** THE TASK **
Should the entries contain pictures, leave them out and return exactly the lines from the first through the line holding "Round Glass Coffee".

** GIVEN INFORMATION **
########

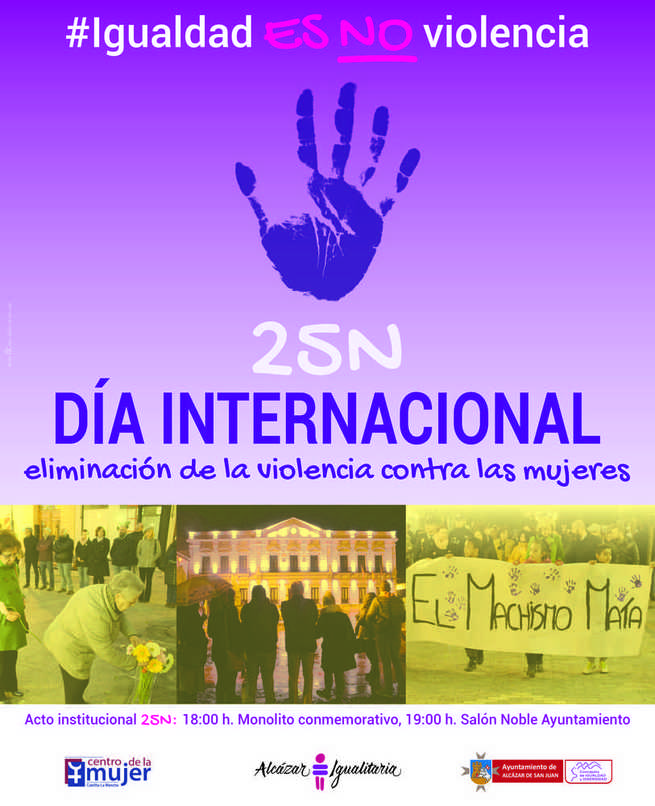 Los actos del 25-N en Alcázar, Día Internacional de  la violencia contra las mujeres, comenzarán en el monolito a las víctimas en la Castelar y seguirán en el acto institucional del ayuntamiento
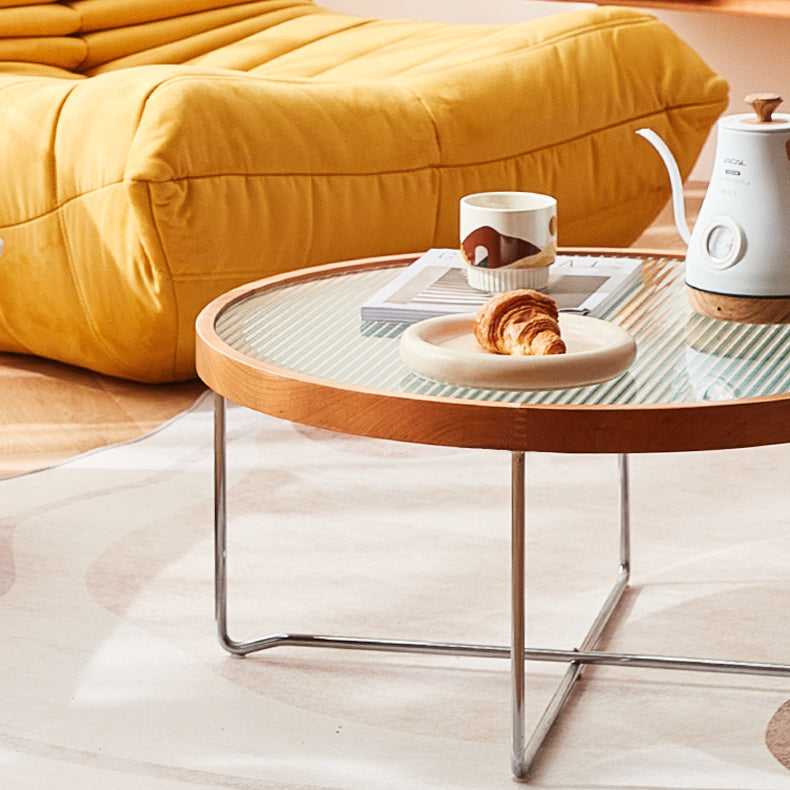 Round Glass Coffee Table with Metal Legs - Stylish for Modern Livingroom fcp-1290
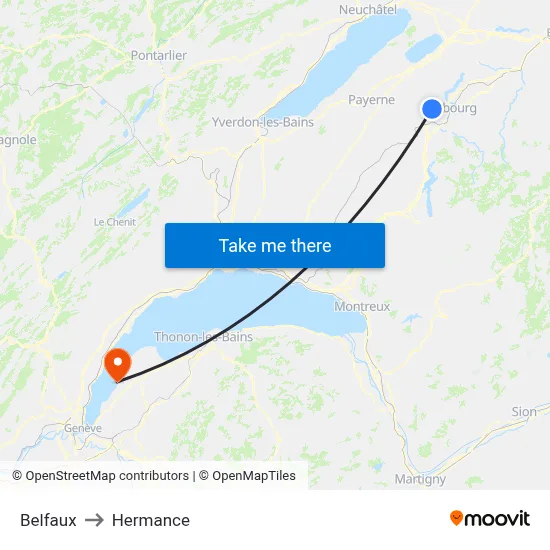 Belfaux to Hermance map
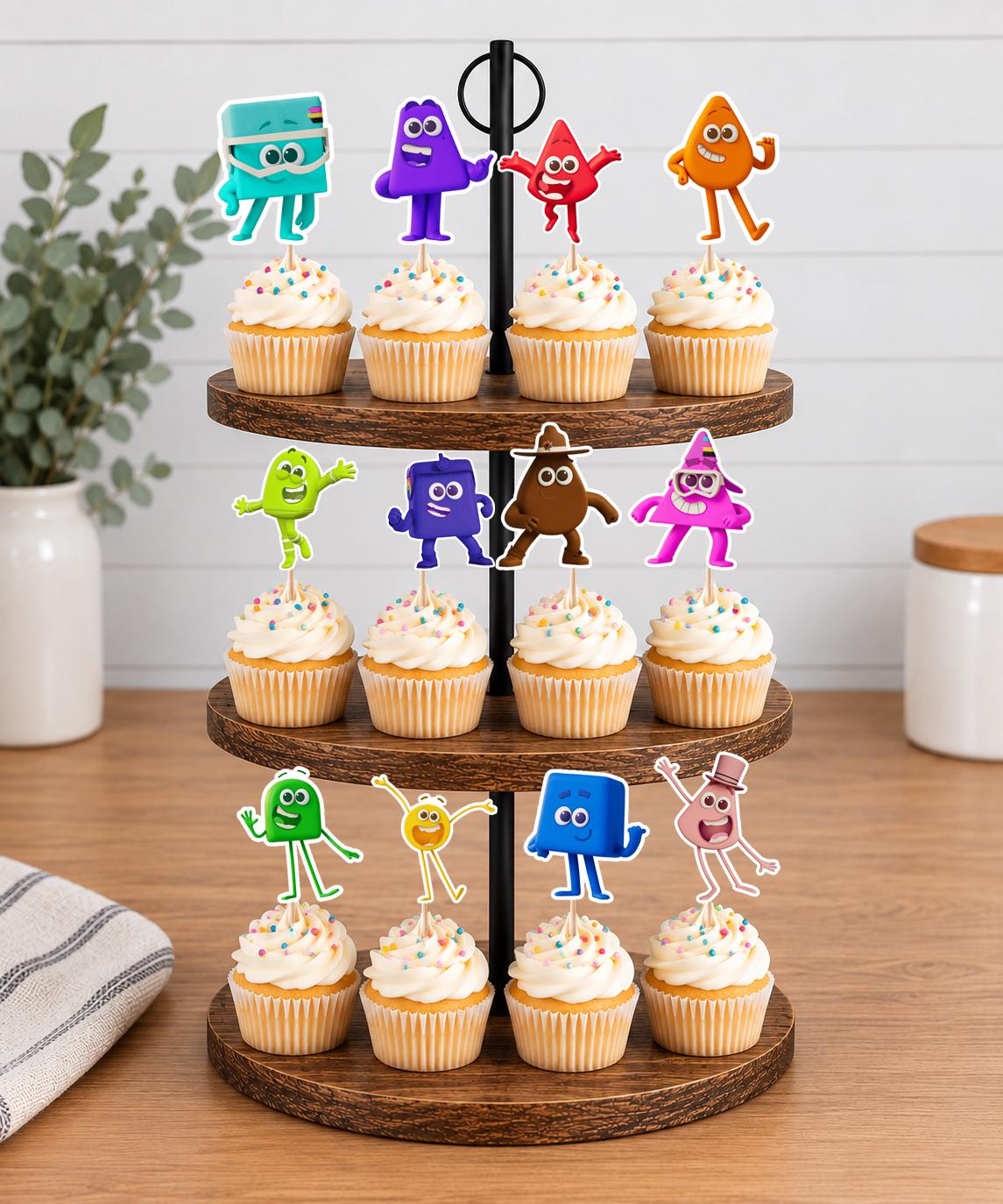 Colour Shapes Cupcake Toppers 12pc, 24pc, 36pc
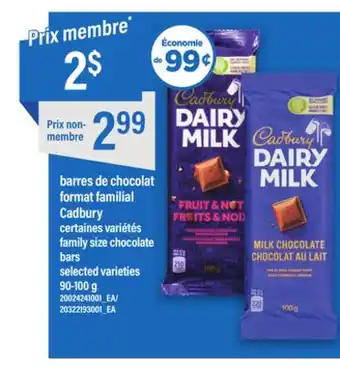Maxi Barres de chocolat format familial cadbury offer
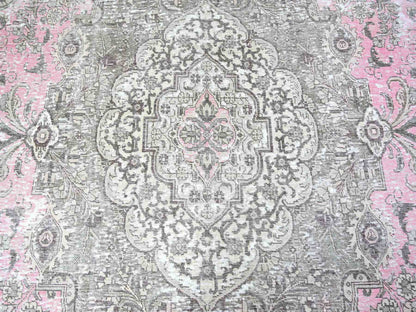 Pink 11'3" x 15'9" Vintage Hand knotted Wool Rug - Sku: O074481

########

** REPLY TO THE TASK **
 Los actos del 25-N en Alcázar, Día Internacional de  la violencia contra las mujeres, comenzarán en el monolito a las víctimas en la Castelar y seguirán en el acto institucional del ayuntamiento
 Round Glass Coffee Table with Metal Legs - Stylish for Modern Livingroom fcp-1290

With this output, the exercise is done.